What’s in store for the center’s future?
Throughout projects’ lifecycles, the center is responsible for reporting their results back to the NSF, industry and government partners, and all the center’s stakeholders. Showcases offer supporters a chance to see the research in action and understand the impact their investments have made. Companies are also kept apprised of developments and milestones throughout the project. All of this creates significant data the center manages for projects around the country.
Alongside dozens of successfully completed research projects, the world-class faculty and members of the center have been recognized in many ways. Wayne and Dolores were awarded the prestigious Alexander Schwarzkopf Prize for Technological Innovation—named for Alex Schwarzkopf, the founder of the NSF’s I/UCRC program—in 2007 for their research into software design metrics. While celebrating its 30th year in operation in May 2016, the center was recognized by then-Governor Mike Pence with an official proclamation of a Security and Software Engineering Research Center Week throughout Indiana.

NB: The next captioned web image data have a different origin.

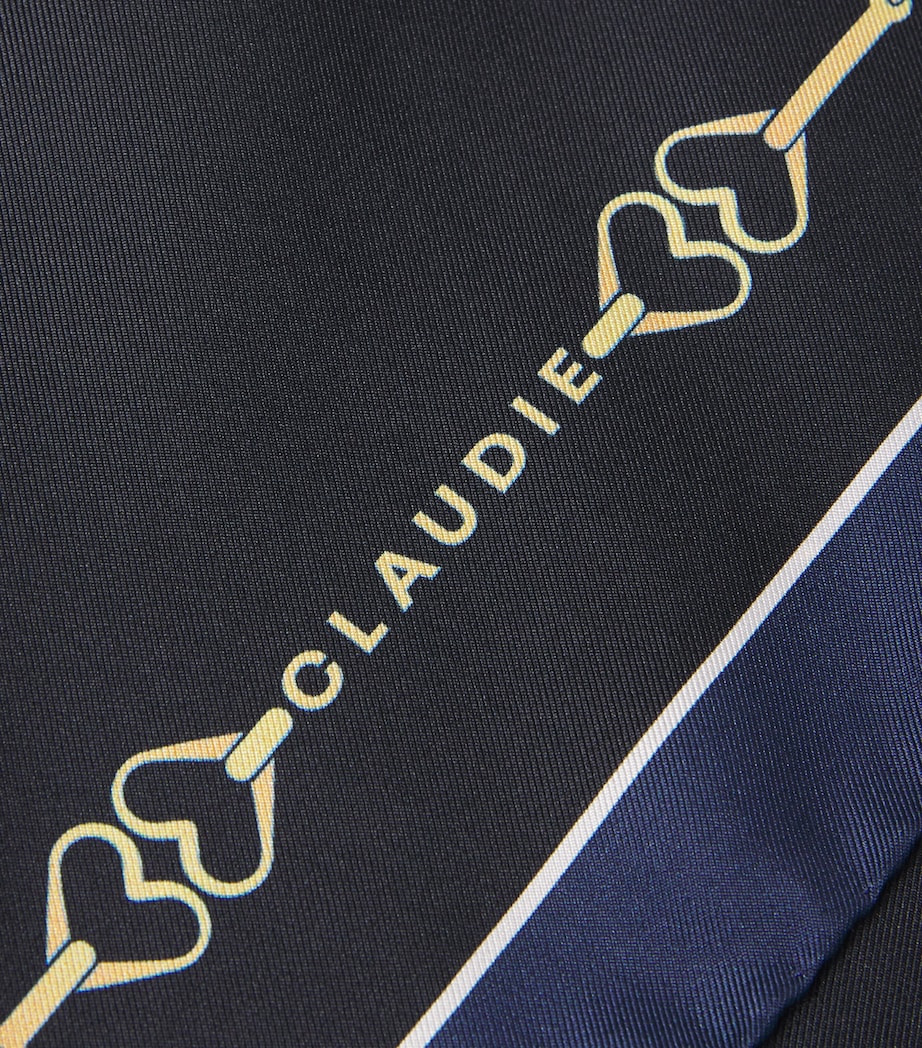 Silk Printed Scarf NAVY Image 5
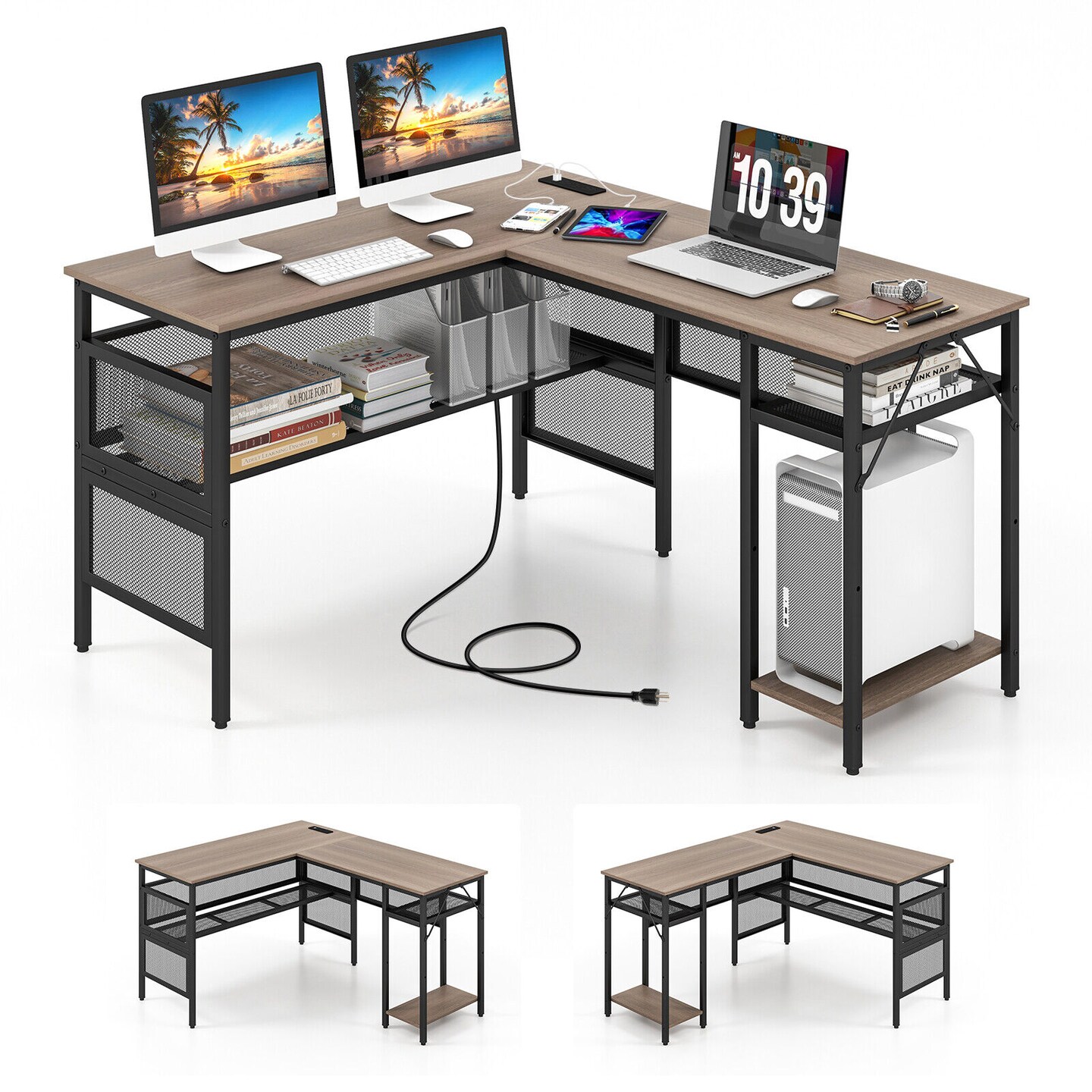L-shaped Computer Desk With Charging Station And Adjustable Shelf-Grey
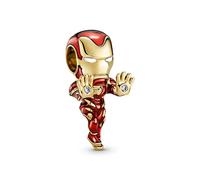 PANDORA Marvel 760268C01 Iron Man Charm Gold-Plated Silver, one size, Sterling Silver, Cubic Zirconia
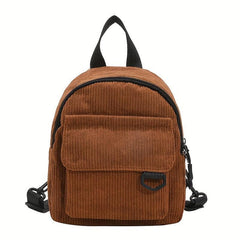 Solid Corduroy Zipper Backpack Minimalist Rucksack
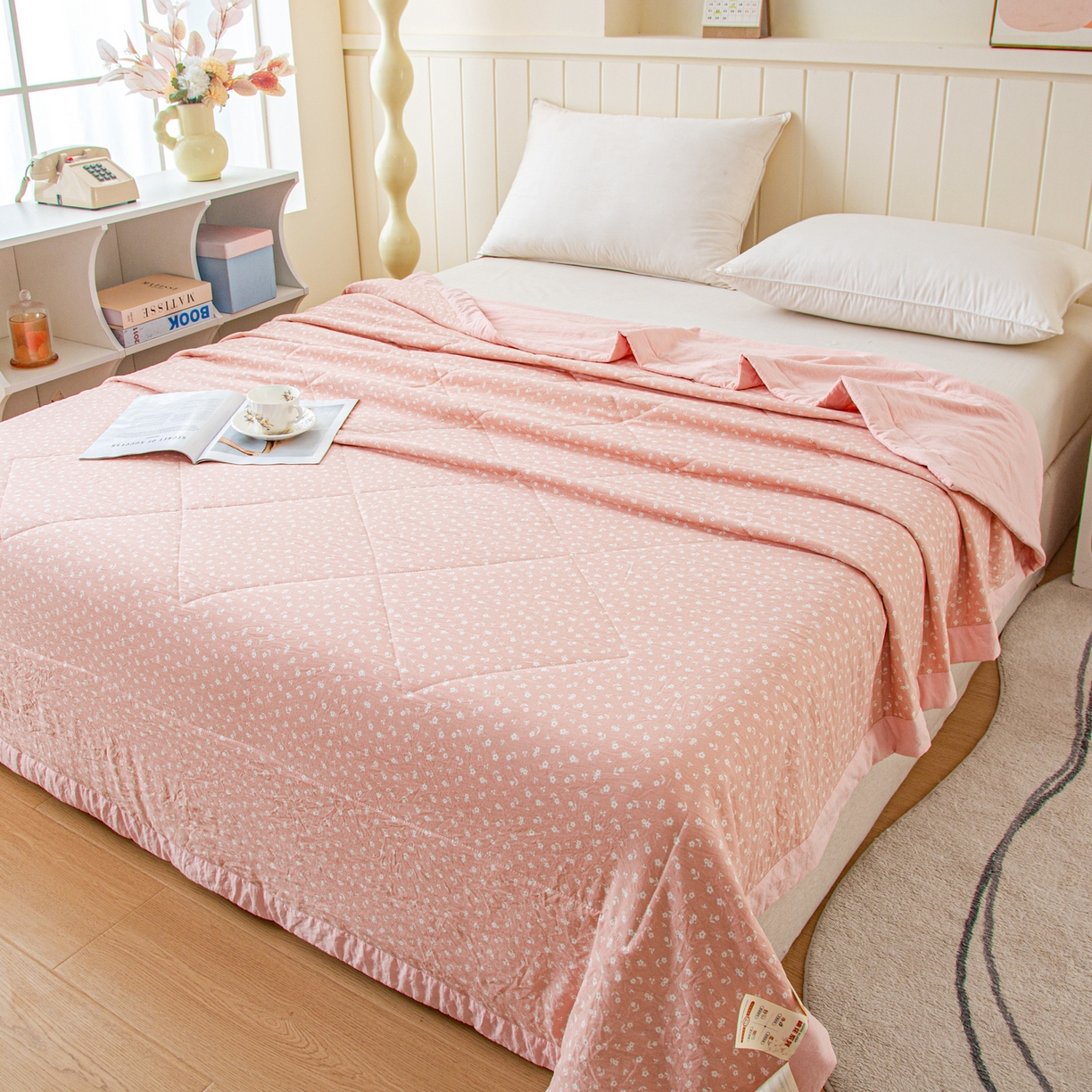 91家纺网 家纺一手货源 找家纺 美之润家纺 2026新款棉花新疆棉花被印花夏被学生单人宿舍夏被 暖梦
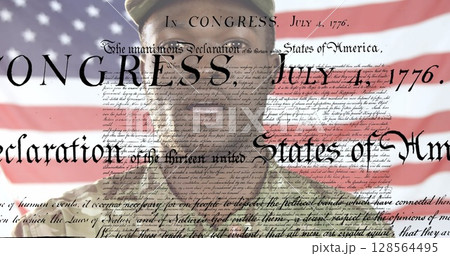 Image of article text over african american soldier singing and flag of united states of america 128564495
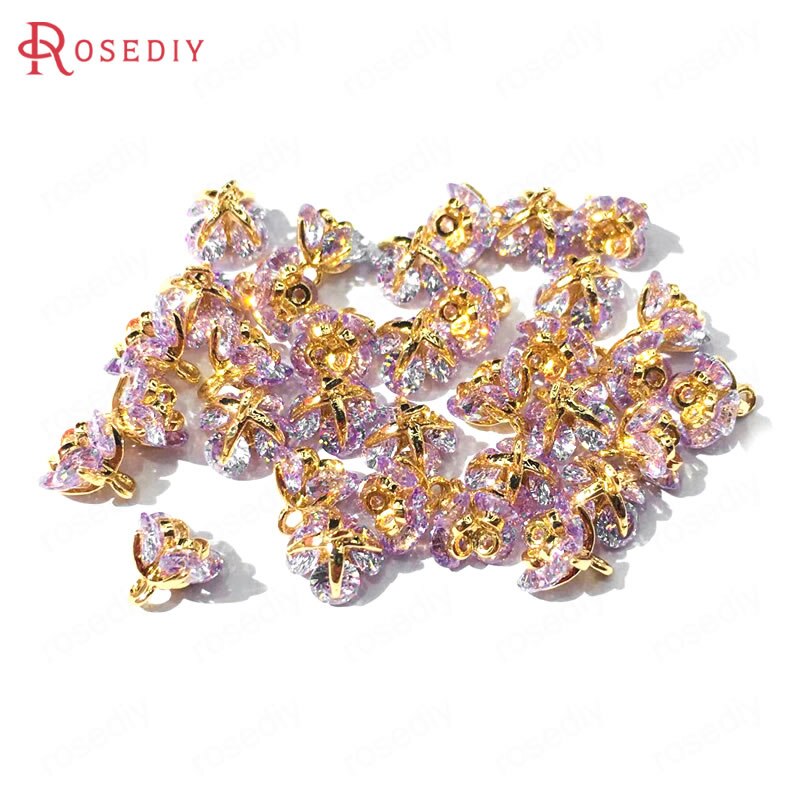 (37101)6PCS 7x7MM 24K Champagne Gold Color Brass and Zircon 3D Flower Charms Pendants Jewelry Making Supplies Diy Accessories: Light Purple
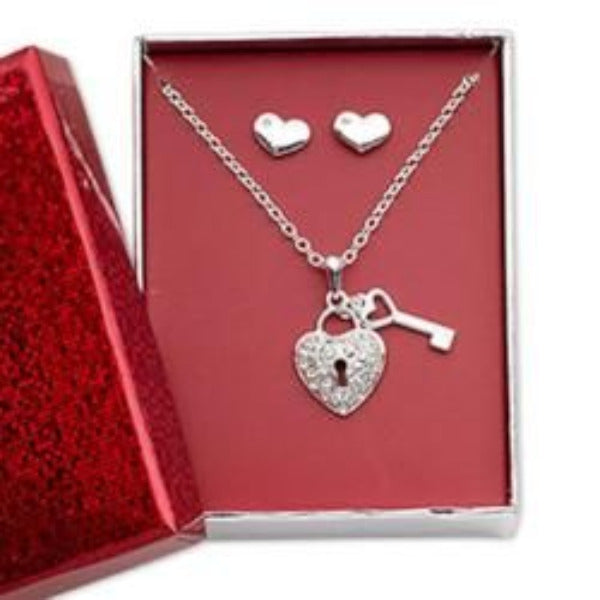 Pewter Hearts Earring & Heart Lock/Key Necklace - AttractionOil.com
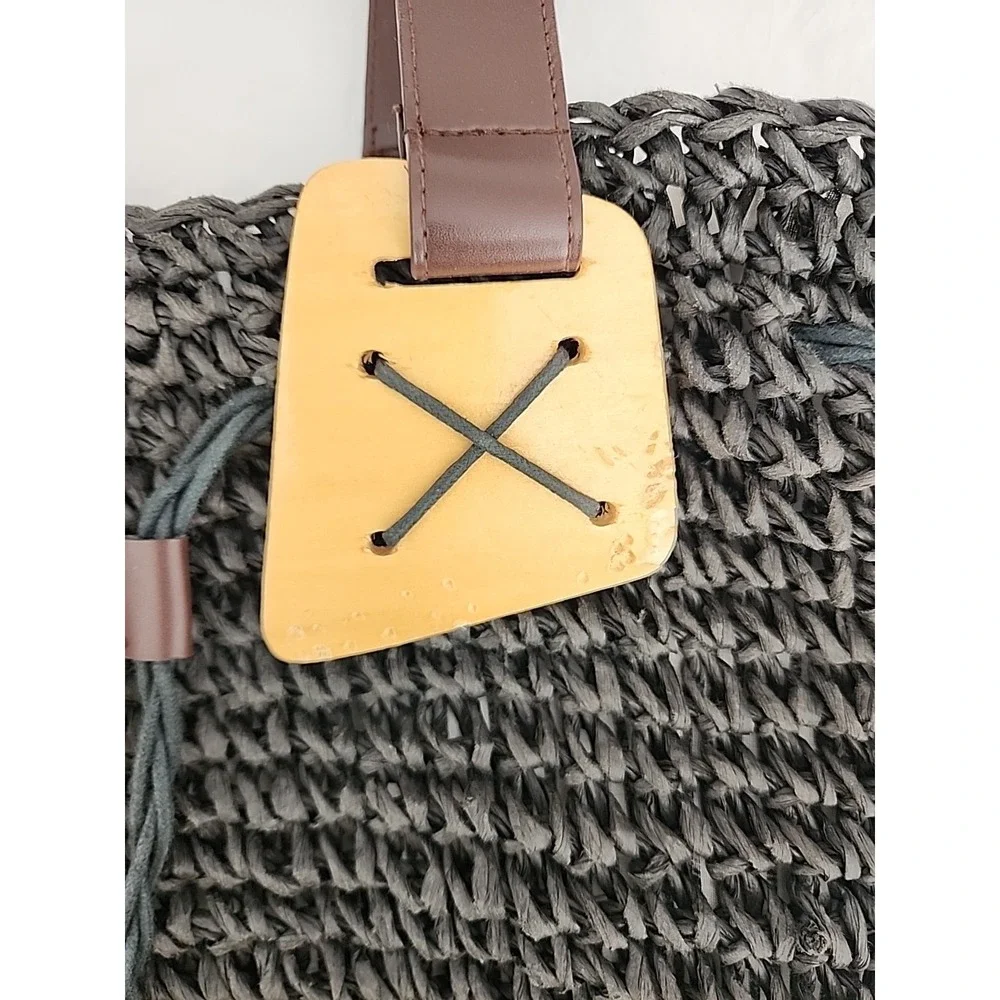 Straw, Leather & Wood Women's Tote Shoulder Handbag Black w/Brown Leather Straps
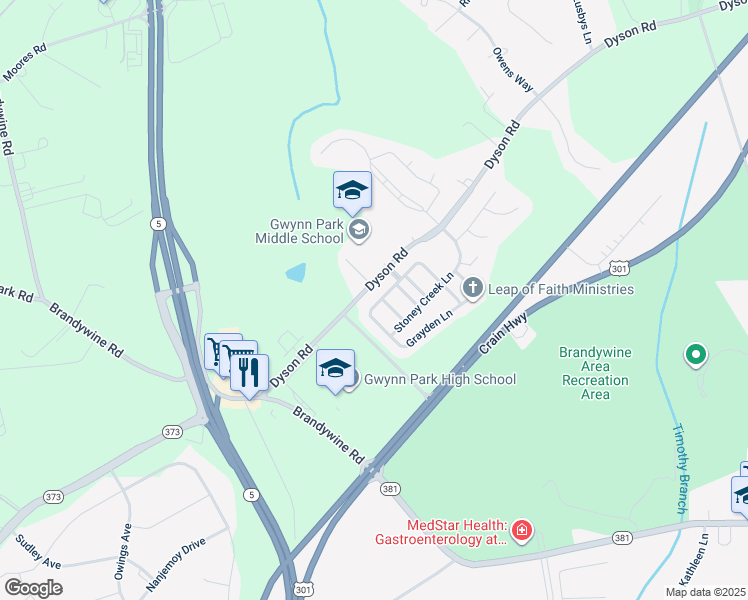 map of restaurants, bars, coffee shops, grocery stores, and more near 8011 Grayden Lane in Brandywine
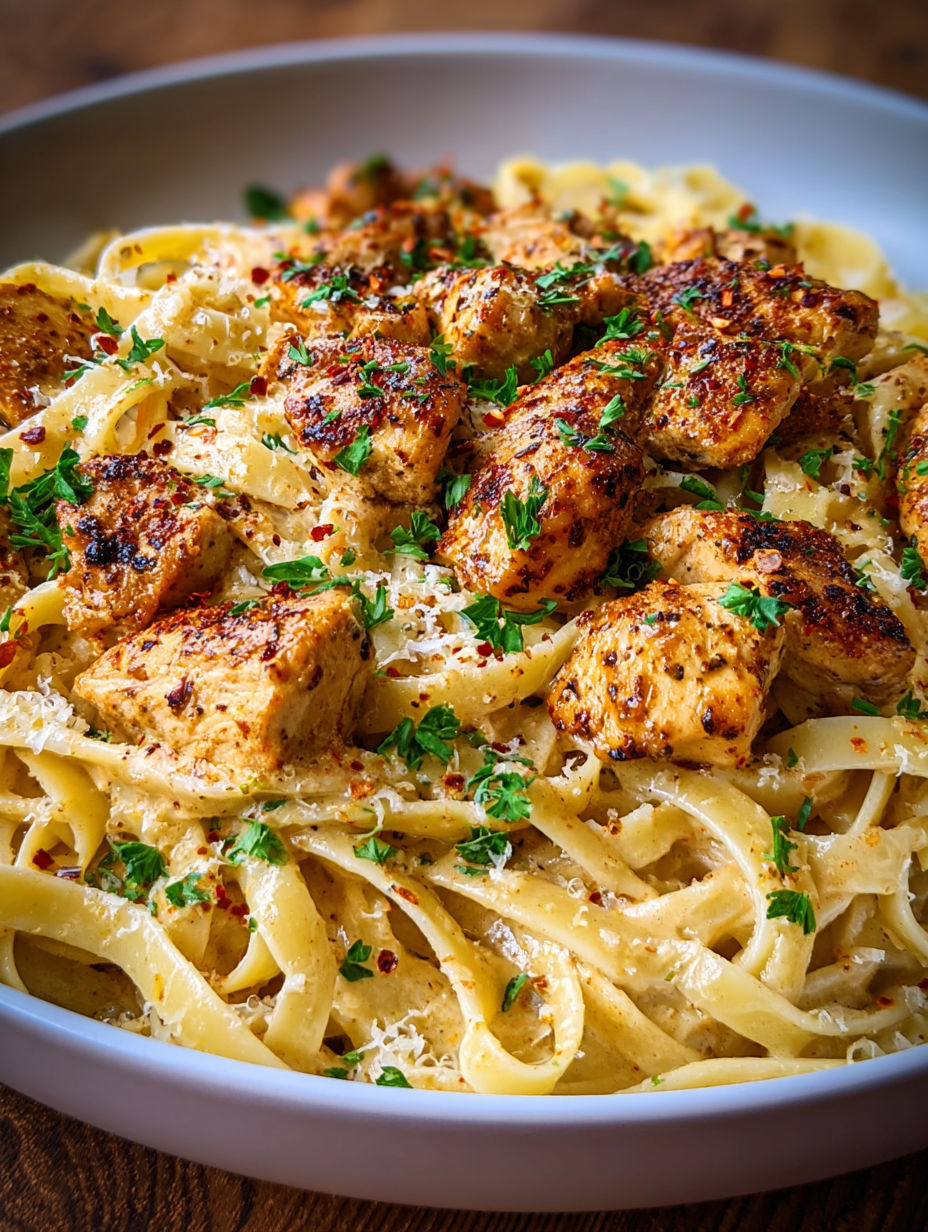 A bowl of pasta with chicken and peppers.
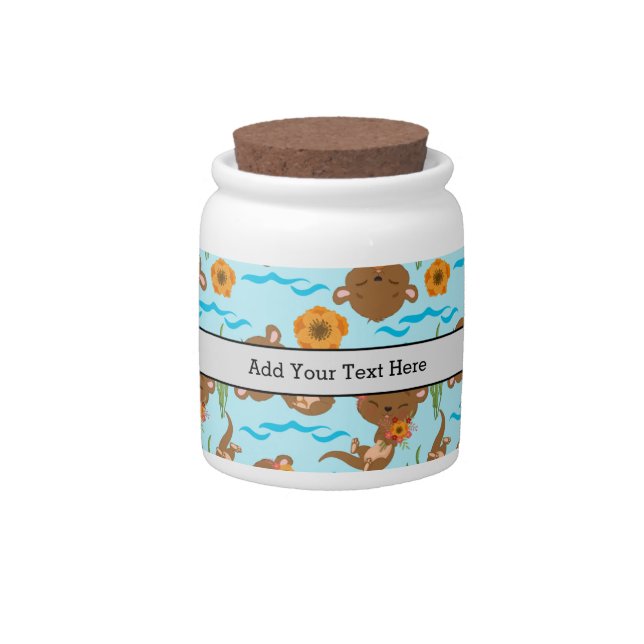Otter Family Orange Flowers Floral Aquatic Animal Candy Jar (Front)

Over the next few years, the center will continue to adapt to the ever-changing needs of government and industry. They’re looking for more industry partners to join the center and provide new avenues of research for faculty and students. Wayne also says that new technologies like blockchain may find a future home in the center. Providing the best teams to research innovative ideas is always at the heart of the S2ERC, with Ball State leading the way for this international operation.